_Task directions_
Within the listing that follows, reproduce exactly the lines starting at the line with "Dembélé y un" and ending at the line with "Christmas Tags (Tripled", inclusive, and only those. Pictures are dropped.

_Records for processing_
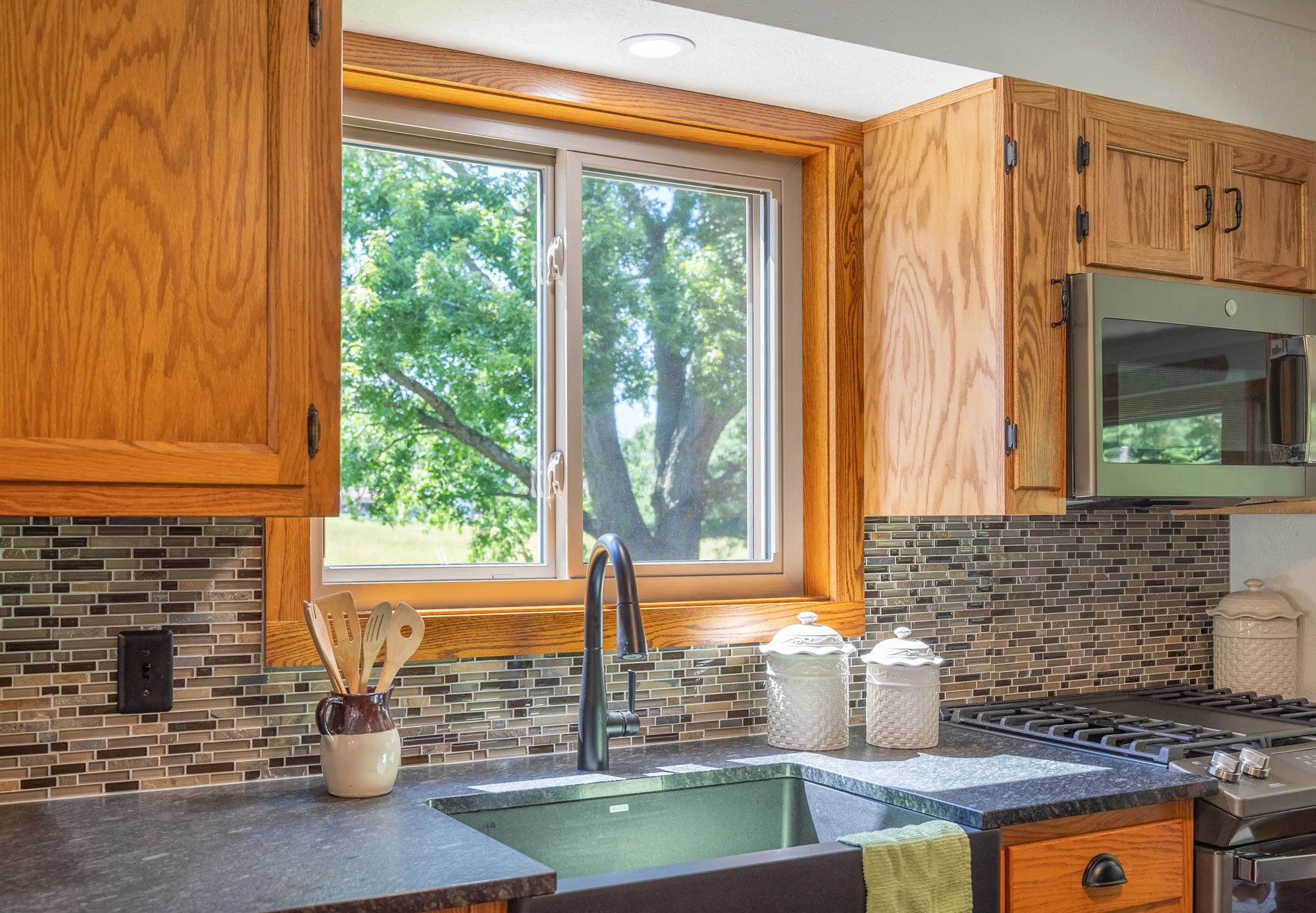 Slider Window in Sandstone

---

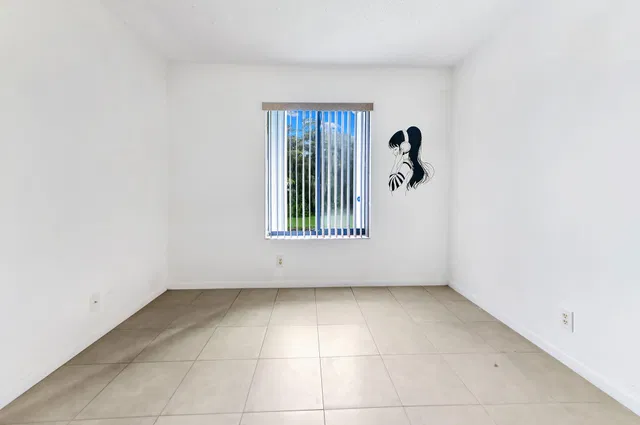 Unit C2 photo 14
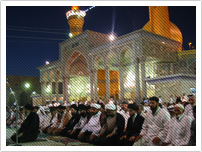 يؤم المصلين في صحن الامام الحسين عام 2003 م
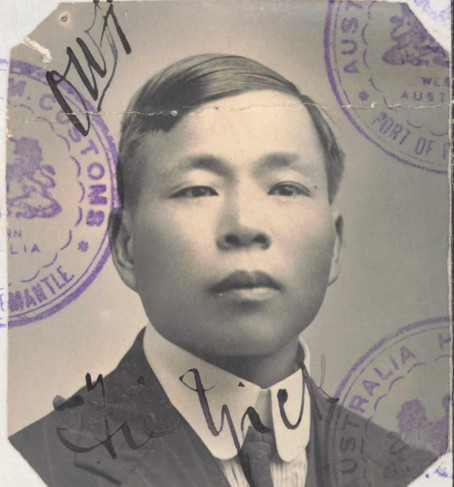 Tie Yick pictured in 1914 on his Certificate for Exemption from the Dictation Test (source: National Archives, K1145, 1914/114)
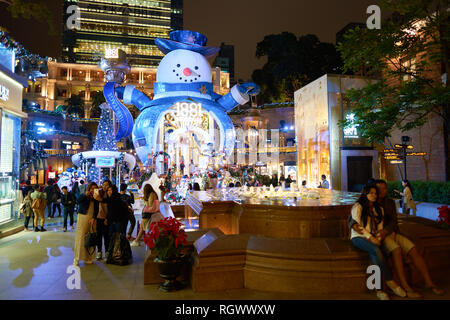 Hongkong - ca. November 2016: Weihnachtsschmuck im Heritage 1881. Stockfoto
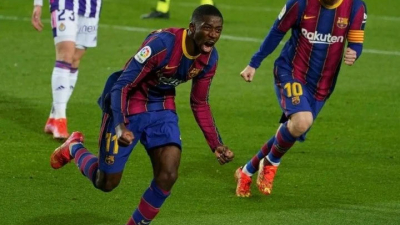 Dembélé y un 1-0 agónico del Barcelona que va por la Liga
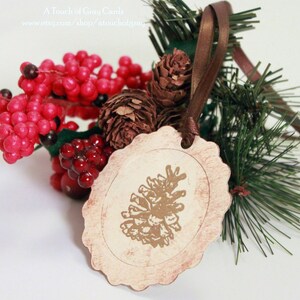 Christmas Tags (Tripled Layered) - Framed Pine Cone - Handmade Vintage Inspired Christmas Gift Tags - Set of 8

--

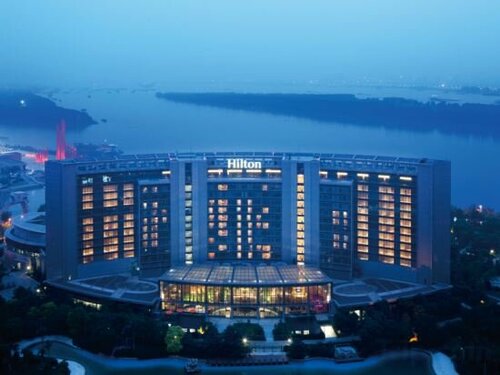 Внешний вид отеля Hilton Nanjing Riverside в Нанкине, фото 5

_Answer to this task_
 Dembélé y un 1-0 agónico del Barcelona que va por la Liga
 Christmas Tags (Tripled Layered) - Framed Pine Cone - Handmade Vintage Inspired Christmas Gift Tags - Set of 8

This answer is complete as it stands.